Quarenta anos depois, é tempo de avaliar a herança que o Maio de 68 deixou, não só à sociedade francesa, mas ao mundo. Os ecos do movimento revolucionário, que pôs em causa o “poder gaullista”, repercutiram-se a nível internacional e chegaram também a Portugal.

No entanto, existem vozes que contestam a validade do movimento estudantil. Durante a campanha eleitoral das presidenciais, o actual presidente francês, Nicolas Sarkozy, afirmou que era necessário “liquidar” a herança do Maio de 68.

Para Vasco de Castro, artista plástico que participou activamente nas movimentações estudantis, o Maio de 68 “alterou o rumo da história”, pois foi o ponto de partida para acontecimentos como a queda do Muro de Berlim.

“Foi nas ruas de Paris que se começou a abrir brechas no Muro de Berlim. As primeiras ideias de contestação que deram alento às pessoas começaram lá. Inspirou, por exemplo, a Primavera de Praga, a queda do sistema ideológico de Leste e, pela primeira vez, falou-se da condição feminina”, considera.

Também Fernando Pereira Marques, exilado político em França, defende que a maior consequência do Maio de 68 foram as transformações sociais que provocou. “Antes do Maio de 68 as raparigas não podiam ir de calças para as aulas. Se fossem tinham de usar saia por cima.
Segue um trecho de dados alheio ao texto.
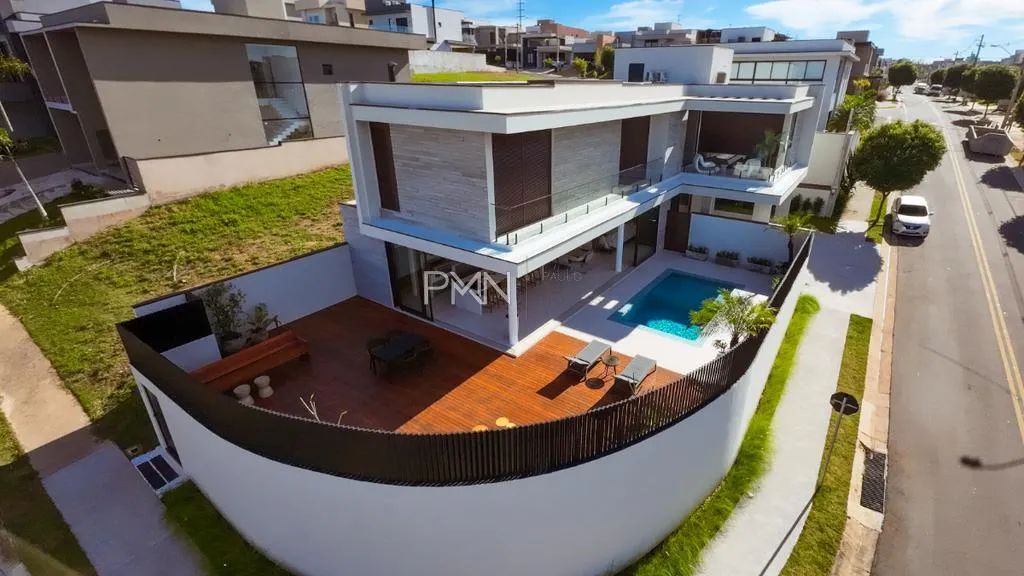 Sobrado à venda em Campinas, Swiss Park, com 4 suítes, com 297 m², Glarus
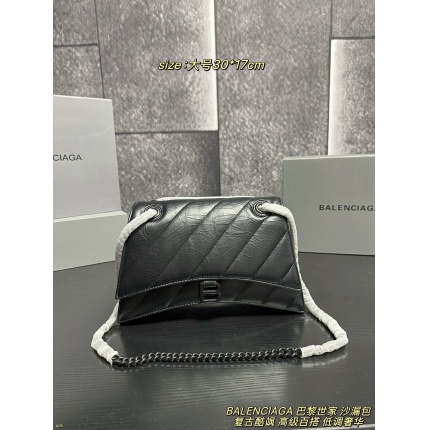 Balenciaga high quality Handbags in 216636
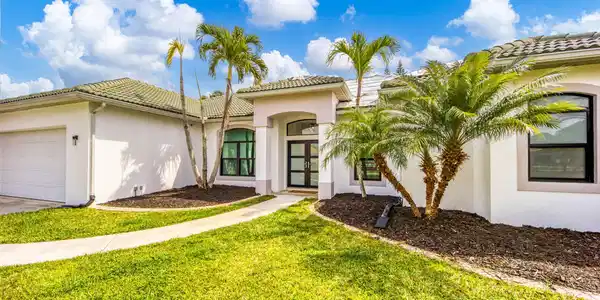 5308 SW Landing Creek Drive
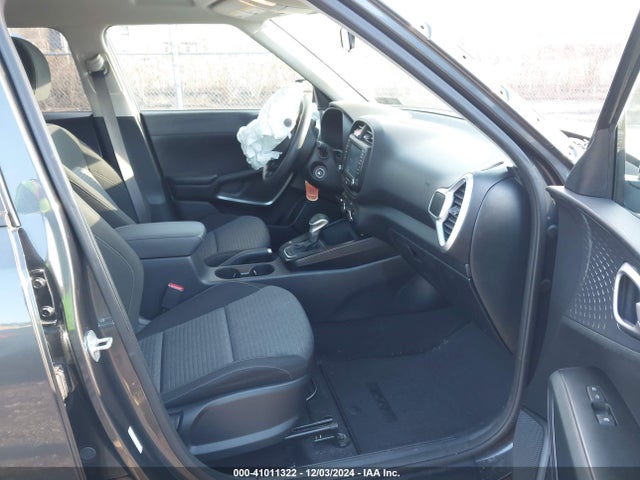 KNDJ23AU4M7768904 KIA SOUL S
Havia a vontade de mudança e isso notou-se na defesa da sexualidade, do estatuto da mulher, das relações entre sexos”, afirma o sociólogo, que assistiu ao eclodir do movimento académico.

Para Fernando Pereira Marques não se deve “circunscrever o sentir e a vontade dos jovens” a slogans como “Imaginação ao poder”. “Os estudantes não eram um bando de anarquistas sem projectos. A nível operário, por exemplo, o movimento provocou o aumento de salários. E possibilitou a participação dos estudantes na vida universitária. A universidade mudou-se em França”, conclui o antigo estudante da Sorbonne.

“As pessoas despiam-se no meio da aula”

A psicanalista Maria Belo chegou a Paris em Setembro de 68. “Respirava-se revolução”, afirma, ao descrever a sociedade francesa após o movimento estudantil. “Houve uma quebra de tabus. As pessoas despiam-se no meio da aula para provocar, começou uma liberdade de costumes,” refere a ex-deputada do Partido Socialista.

“Começou-se a pensar pela própria cabeça, a ter relações mais livres, a intervir mais, mas, por outro lado, nasceu a noção do consumo, da prevalência de um certo ‘parecer’ sobre o ‘ser'”, afirma Maria Belo.

Também a jornalista Diana Andringa defende que o movimento estudantil provocou uma “alteração de mentalidades”. No entanto, a jornalista não acredita que o Maio de 68 tenha alterado o curso da história. “Hoje em dia já não se nota tanto essa influência. Penso que se os ideais da Geração de 60 tivessem vencido teríamos um mundo diferente”, salienta Diana Andringa.

“No Maio de 68 gritava-se: ‘Não queremos ser os capatazes das fábricas’. Hoje procura-se a ligação dos licenciados ao mercado de trabalho. A pessoa não pode ser só rotina”, exemplifica a jornalista.

Andringa vai mais longe ao afirmar que existe uma “tendência para esquecer”: “No Maio de 68 os jovens lutavam, em todo o mundo, por uma sociedade. O legado que o Maio de 68 me deixou foi esta inquietação, esta angústia. E a angústia é algo criativo”, considera a jornalista, que criou um programa de televisão dedicado à “Geração de 60”.